# Wednesday rain, will ducks be moving?



## Outdoor Gal (Sep 9, 2008)

I couldn't get out until after I dropped the kiddos off at school. Haven't seen a duck yet. :/ I wasn't expecting much, but thought I might get a chance at a woodie or two. It's been breezy and spitting a little rain off and on.


----------



## chemo13 (May 10, 2006)

The rain and wind didn't seem to bother the ducks in my area. There were so many ducks that the dog and I were done by 7:45. The dog couldn't believe it...I'm usually a shell wasting machine.


----------



## Logan the Destructor (Nov 20, 2009)

I gave it a go. Could've limited out on cormorants and grebes but I chose not to. . Lk st clair had a nice white cap chop. Saw 4 high flying hot movers but that was it. 
Friday my first attempt at Harsens. Here we go!


----------



## chemo13 (May 10, 2006)

Lamarsh said:


> Got a limit of mallards. Wish I had some more guys with me, my pup and I were covered in em. He marked and retrieved all of them like a champ, we had a blast. Probably didn't even need to take the day off work lol, could have probably just made it in an hour late, but I haven't had a nice daytime nap in a while though.
> 
> View attachment 194432


Good looking dog! How old is he?


----------



## craigrh13 (Oct 24, 2011)

LOTS of shooting and LOTS of ducks where I was at.


----------



## Outdoor Gal (Sep 9, 2008)

And... missed my chance at the one duck of the day... I was digging around my blind bag for a granola bar and it knew it. Lol.


----------



## carsonr2 (Jan 15, 2009)

I saw a flock flying over the City of Manistee from my office window. So yes they are moving.


----------



## TNL (Jan 6, 2005)

Big blow from the west coming Thursday! 40mph winds with plummeting temps. Fingers crossed!


----------



## bheary (Dec 29, 2010)

Headed out now boys!!!! Will update after


----------



## gr8lakefisher (Jan 17, 2009)

Some new gwt showed up in se corner from canada. There were several birds moving around all morning. Left at 1130 with 1 gwt. Need to revisit blind materials lol. Did get my first duck band ever


----------



## bheary (Dec 29, 2010)

Smart birds in Munuscong. Shot like crap. 1 bill was bagged. Lots of buffs around


----------



## Bertslash (Sep 3, 2011)

We ended with 3 and could have had about 8! Birds were on the move and out to eat!!


----------



## adam bomb (Feb 27, 2006)

Oh they moved just fine! A nice solo hunt this morning


----------



## Outdoors Fool (Mar 27, 2011)

Definitely had some birds moving this evening, ended up with 3. I had to shake my head at some of the shots I missed in that wind.


----------



## just tryin to fish (May 31, 2004)

Well out evening wasn't so successful missed the only duck to come in how you miss a mallard that is darn near on the water in the decoys with 2 people shooting is beyond me. Saw lots of high flyers none wanted where we were. And while picking up decoys the fuel line came unhooked. Hooked it back up and snap pull rope broke so needless to say I'll be headed down to a strangers dock in the morning to try and fix it on the water


----------



## Lamarsh (Aug 19, 2014)

chemo13 said:


> Good looking dog! How old is he?


Thanks! He just turned 1 a few months ago, the same month I got him his SHR title. He's all I need in life.


----------



## Lurker (Jan 25, 2009)

just tryin to fish said:


> Well out evening wasn't so successful missed the only duck to come in how you miss a mallard that is darn near on the water in the decoys with 2 people shooting is beyond me.

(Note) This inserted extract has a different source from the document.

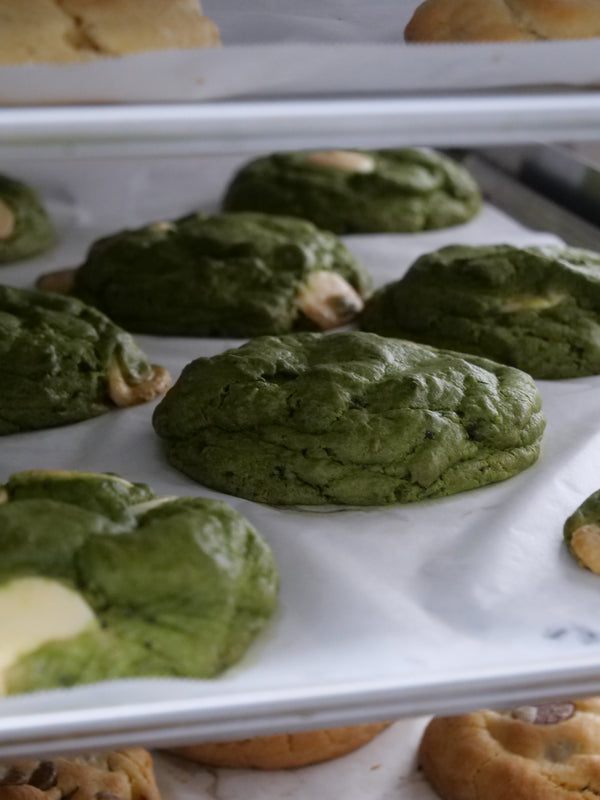 Matcha White Choc Cookie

 Kevlar feathers.... at least that's always our excuse.


----------



## just tryin to fish (May 31, 2004)

Lurker said:


> Kevlar feathers.... at least that's always our excuse.


Haha yea I made.That comment


----------



## Shiawassee_Kid (Nov 28, 2000)

adam bomb said:


> Oh they moved just fine! A nice solo hunt this morning
> 
> View attachment 194490


nice mergolian...i mean mergatroid...i mean lawn dart...

drew up on a flock this morning and just couldn't bring myself to pull the trigger.


----------



## Wall-llard Willie Jr. (Oct 8, 2012)

Shiawassee_Kid said:


> nice mergolian...i mean mergatroid...i mean lawn dart....


Aka fish sticks


----------